Each bent back swings in a skilled rhythm and muscles strain with every rower knowing there is still a long way to go to the finishing line.

This is gig racing, "the fastest growing sport in Britain", according to its supporters. Each gig is more than 30 feet long and weighs around a third of a tonne. They compete over distances of up to three miles in estuaries and the open sea around the West Country. This is not sliding- seat skiff rowing, it is tough lung-bursting, arm-aching effort every inch of the way, with each stroke urged on by the cox.

The sport has caught on so fast in the past 10 years that more than 20 clubs have been formed around the coast of Cornwall, the county where the sport was born.

During the same period, more than 30 new gigs have been built, at a cost in excess of pounds 10,000 each. On most weekends at least 50 crews bend their backs in all weathers in contests around the coast.

At night in the pubs at resorts like Falmouth, Par Bay and Looe, the bars ring with traditional West Country sea songs, as the exhausted crews relax and replace their lost sweat with pints of beer.
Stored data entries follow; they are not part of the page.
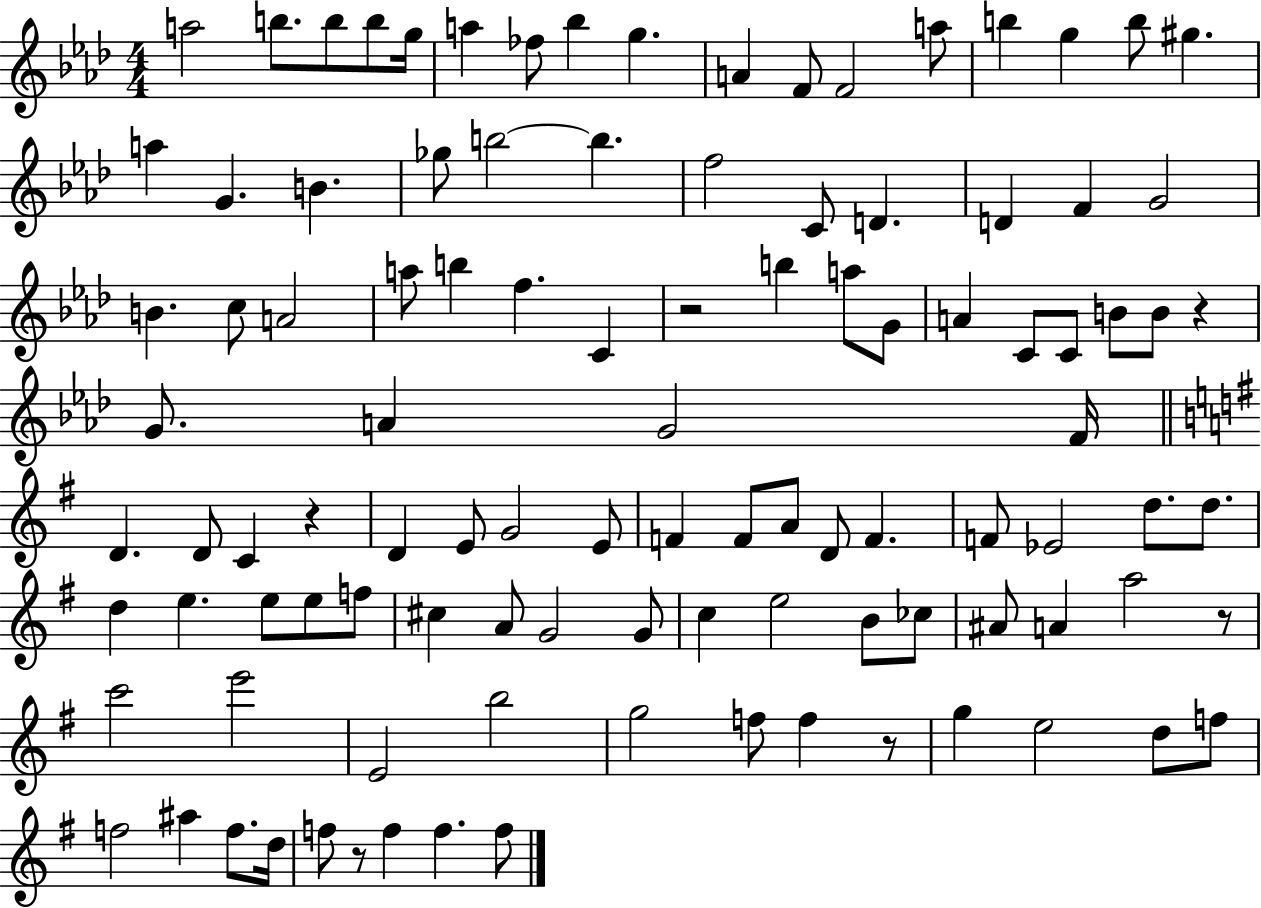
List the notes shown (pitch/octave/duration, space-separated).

A5/h B5/e. B5/e B5/e G5/s A5/q FES5/e Bb5/q G5/q. A4/q F4/e F4/h A5/e B5/q G5/q B5/e G#5/q. A5/q G4/q. B4/q. Gb5/e B5/h B5/q. F5/h C4/e D4/q. D4/q F4/q G4/h B4/q. C5/e A4/h A5/e B5/q F5/q. C4/q R/h B5/q A5/e G4/e A4/q C4/e C4/e B4/e B4/e R/q G4/e. A4/q G4/h F4/s D4/q. D4/e C4/q R/q D4/q E4/e G4/h E4/e F4/q F4/e A4/e D4/e F4/q. F4/e Eb4/h D5/e. D5/e. D5/q E5/q. E5/e E5/e F5/e C#5/q A4/e G4/h G4/e C5/q E5/h B4/e CES5/e A#4/e A4/q A5/h R/e C6/h E6/h E4/h B5/h G5/h F5/e F5/q R/e G5/q E5/h D5/e F5/e F5/h A#5/q F5/e. D5/s F5/e R/e F5/q F5/q. F5/e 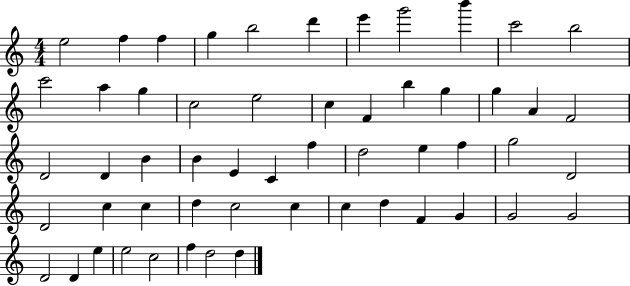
{
  \clef treble
  \numericTimeSignature
  \time 4/4
  \key c \major
  e''2 f''4 f''4 | g''4 b''2 d'''4 | e'''4 g'''2 b'''4 | c'''2 b''2 | \break c'''2 a''4 g''4 | c''2 e''2 | c''4 f'4 b''4 g''4 | g''4 a'4 f'2 | \break d'2 d'4 b'4 | b'4 e'4 c'4 f''4 | d''2 e''4 f''4 | g''2 d'2 | \break d'2 c''4 c''4 | d''4 c''2 c''4 | c''4 d''4 f'4 g'4 | g'2 g'2 | \break d'2 d'4 e''4 | e''2 c''2 | f''4 d''2 d''4 | \bar "|."
}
But, while the sport of gig racing is currently a modern phenomenon, the gig itself is steeped in nautical history - the boats acted as pilot cutters, privately-owned lifeboats and even smugglers' craft a 100 years and more ago.

In the days before radio, the first a harbour master knew of a ship's arrival was when the tips of its mast appeared above the horizon. Straight away the gig chase was on, as rival pilots, grain importers and carpet baggers raced out from the harbour towards the new arrival.
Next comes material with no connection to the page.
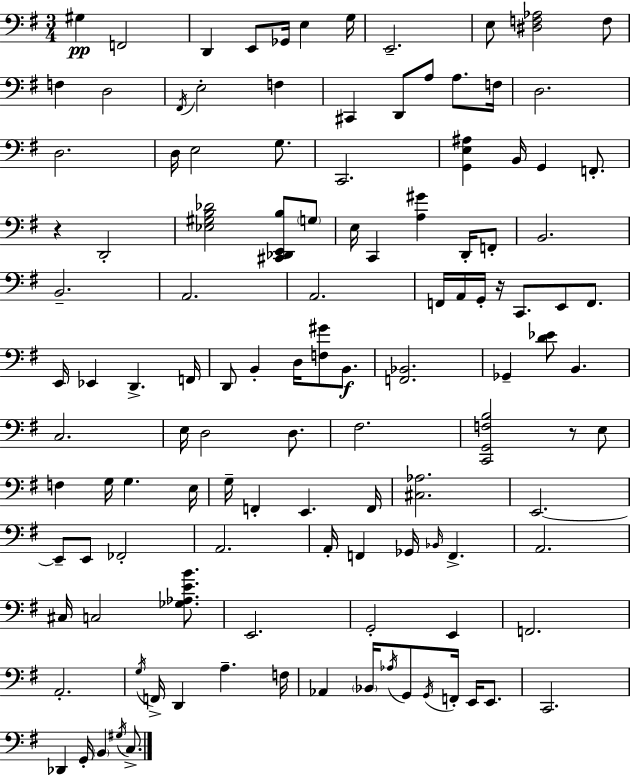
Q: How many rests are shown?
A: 3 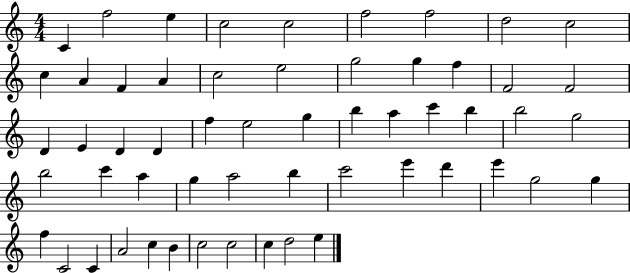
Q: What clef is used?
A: treble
The first vessel to arrive had the best chance of securing any business the ship might have to offer the local community.

One man who has built many of the new generation of gigs is Ralph Bird. To visit him as he labours is to go back in time to the last century - appropriately the age of the gig.

Wood shavings litter the floor, hand tools line the walls and the visitor is entranced with the impression that nothing has changed in the last 100 years.

Bird, President of the Cornish Pilot Gig Association, labours alone for almost six months over each boat. Each vessel is crafted from narrow-leafed Cornish Elm, a wood that is increasingly hard to find. "Every gig I make is different. You can never make two boats exactly the same," he says.

As he works, he tells of the early days of the gigs. Although it was a working boat, there was such a pride taken in local gigs that teams were formed purely to compete for money. A boat could win as much as pounds 12 on a single race - good money to share between six men in 1850.

The crews became highly accomplished and so fast that they were hard to catch: customs and excise men of the day deemed it illegal to build gigs for more than six oarsmen.

Competition for business was also keen. Sometimes a crew would receive a private tip that a ship was coming down the coast. They would slip socks over their boots and creep through the sleeping village, hoping to launch their gig in silence, under the cover of darkness, ahead of their rivals.

By the 1970s there were only one or two gigs still known to exist, on the Isles of Scilly and at Newquay. But, once they were rescued and restored, Ralph Bird borrowed some of them in the 1980s and organised races on his local Restronguet river.

From that small beginning much of today's growing enthusiasm for the sport has arisen.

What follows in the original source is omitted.